All of lore.kernel.org
 help / color / mirror / Atom feed
From: Andrew Jeffery <andrew@aj.id.au>
To: Eddie James <eajames@linux.vnet.ibm.com>, openbmc@lists.ozlabs.org
Cc: "Edward A. James" <eajames@us.ibm.com>, cbostic@linux.vnet.ibm.com
Subject: Re: [PATCH linux dev-4.10 v2] drivers: i2c: fsi: Add proper abort method
Date: Wed, 25 Oct 2017 11:33:37 +1030	[thread overview]
Message-ID: <1508893417.13477.1.camel@aj.id.au> (raw)
In-Reply-To: <de884d77-04a2-1095-8198-89f2ce93e029@linux.vnet.ibm.com>

[-- Attachment #1: Type: text/plain, Size: 7347 bytes --]

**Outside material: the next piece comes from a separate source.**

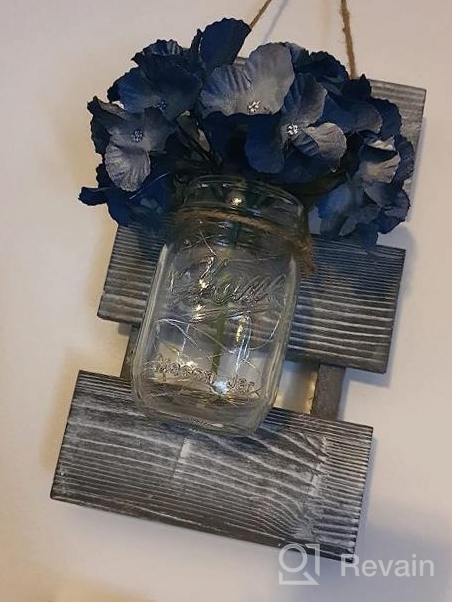 img 1 attached to Rustic Mason Jar Wall Sconces With LED Fairy Lights And Flowers - Set Of 2 - Decorative Farmhouse Home Décor With 6-Hour Timer review by Luis Estrella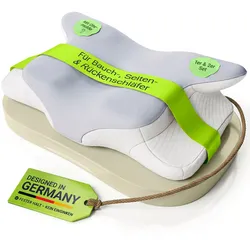 Juskys Nackenkissen 2er Set - Ergonomisch & Memory-Foam, Anpassungsfähig, Atmungsaktiv - weiß / grau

> > > +static int fsi_i2c_reset(struct fsi_i2c_master *i2c, u16 port)
> > > +{
> > 
> > I can't see that this (the whole reset sequence) is called with pre-emption
> > disabled, perhaps we should do so? It looks like this will be called in process
> > context through fsi_i2c_xfer(). Stalling the recovery will just hold up other
> > processes wanting to use the bus as we'll hold the bus mutex across the task
> > switch.
> 
> Well, presumably we want to block other access to the bus? We need to 
> get the master back in a good state before releasing it for other transfers.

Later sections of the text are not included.